Bronze Age Mediterraneans may have visited Stonehenge
The links between the Stonehenge area and the Mediterranean have been debated for years. Recent research by the British Geological Survey (BGS) suggests people came from both the snow of the Alps and the heat of the Mediterranean to visit Stonehenge.
However, scientific studies show that some of the people buried in the area during the Bronze Age were not local.
The analysis of the teeth from two males provides new evidence that one, dubbed ‘the Boy with the Amber necklace’, had come from the Mediterranean area, whilst the previously known ‘Amesbury Archer’ had come from the Alps.
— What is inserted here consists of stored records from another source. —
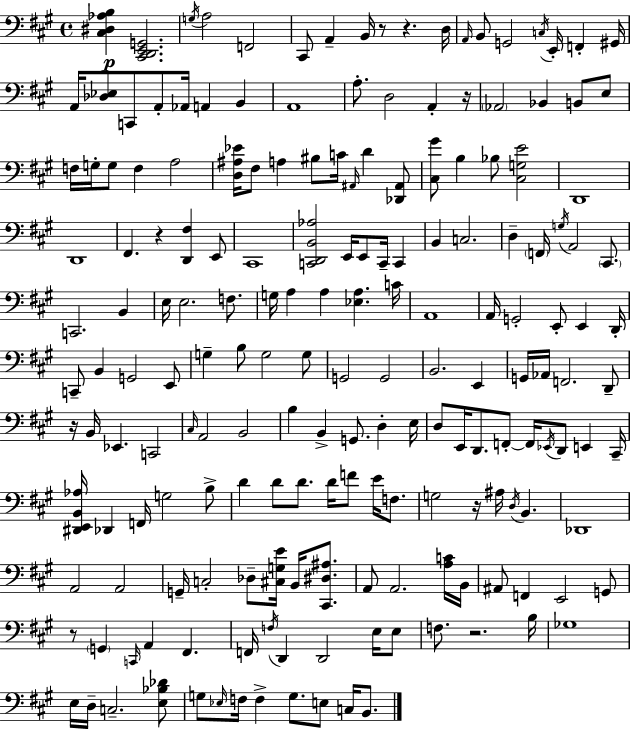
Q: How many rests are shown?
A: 8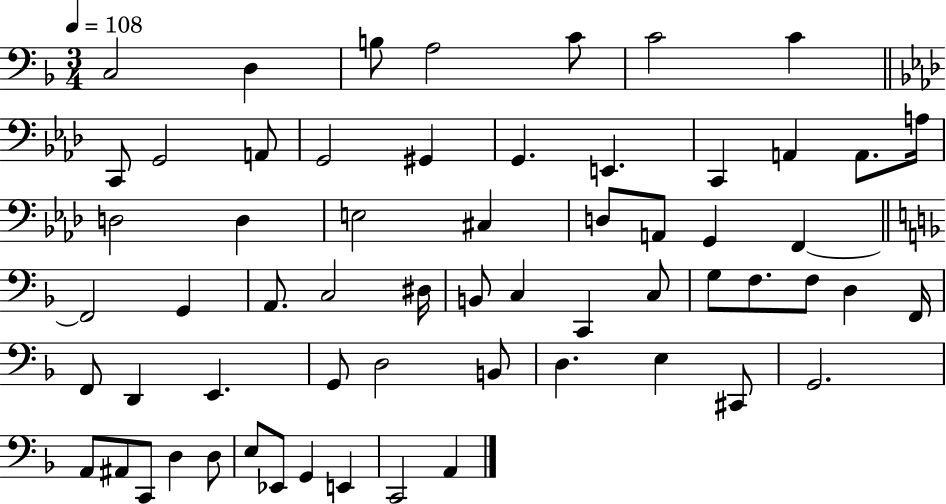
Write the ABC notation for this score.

X:1
T:Untitled
M:3/4
L:1/4
K:F
C,2 D, B,/2 A,2 C/2 C2 C C,,/2 G,,2 A,,/2 G,,2 ^G,, G,, E,, C,, A,, A,,/2 A,/4 D,2 D, E,2 ^C, D,/2 A,,/2 G,, F,, F,,2 G,, A,,/2 C,2 ^D,/4 B,,/2 C, C,, C,/2 G,/2 F,/2 F,/2 D, F,,/4 F,,/2 D,, E,, G,,/2 D,2 B,,/2 D, E, ^C,,/2 G,,2 A,,/2 ^A,,/2 C,,/2 D, D,/2 E,/2 _E,,/2 G,, E,, C,,2 A,,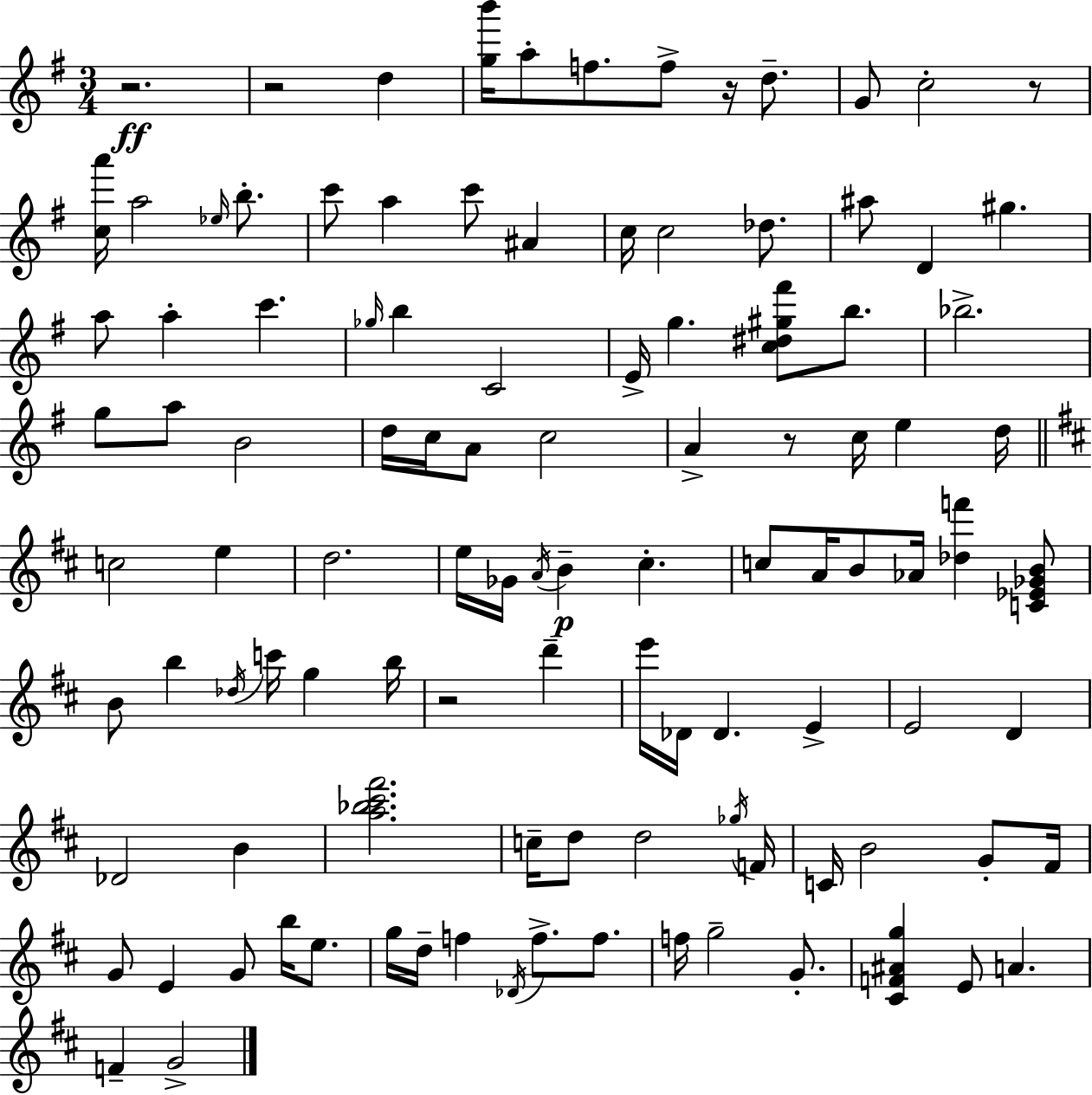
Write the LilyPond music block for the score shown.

{
  \clef treble
  \numericTimeSignature
  \time 3/4
  \key g \major
  \repeat volta 2 { r2.\ff | r2 d''4 | <g'' b'''>16 a''8-. f''8. f''8-> r16 d''8.-- | g'8 c''2-. r8 | \break <c'' a'''>16 a''2 \grace { ees''16 } b''8.-. | c'''8 a''4 c'''8 ais'4 | c''16 c''2 des''8. | ais''8 d'4 gis''4. | \break a''8 a''4-. c'''4. | \grace { ges''16 } b''4 c'2 | e'16-> g''4. <c'' dis'' gis'' fis'''>8 b''8. | bes''2.-> | \break g''8 a''8 b'2 | d''16 c''16 a'8 c''2 | a'4-> r8 c''16 e''4 | d''16 \bar "||" \break \key d \major c''2 e''4 | d''2. | e''16 ges'16 \acciaccatura { a'16 }\p b'4-- cis''4.-. | c''8 a'16 b'8 aes'16 <des'' f'''>4 <c' ees' ges' b'>8 | \break b'8 b''4 \acciaccatura { des''16 } c'''16 g''4 | b''16 r2 d'''4-- | e'''16 des'16 des'4. e'4-> | e'2 d'4 | \break des'2 b'4 | <a'' bes'' cis''' fis'''>2. | c''16-- d''8 d''2 | \acciaccatura { ges''16 } f'16 c'16 b'2 | \break g'8-. fis'16 g'8 e'4 g'8 b''16 | e''8. g''16 d''16-- f''4 \acciaccatura { des'16 } f''8.-> | f''8. f''16 g''2-- | g'8.-. <cis' f' ais' g''>4 e'8 a'4. | \break f'4-- g'2-> | } \bar "|."
}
The new evidence shows that ‘the Boy with the Amber necklace’ spent his childhood in a warm climate typical of Iberia or the Mediterranean. Such warm oxygen values are theoretically possible in the British Isles but are only found on the extreme west coast of South West England, western Ireland and the Outer Hebrides. These areas can be excluded as likely childhood origins of his on the basis of the strontium isotope composition of his teeth
‘The Boy with the Amber necklace’, whose grave was found on Boscombe Down, about 3 km south-east of Stonehenge, is from a more recent time — the end of the Early Bronze Age. His skeleton has been radiocarbon dated to around 1550 BC (dated by Wessex Archaeology). Aged 14–15 years when he died, he was buried wearing a necklace of around 90 amber beads.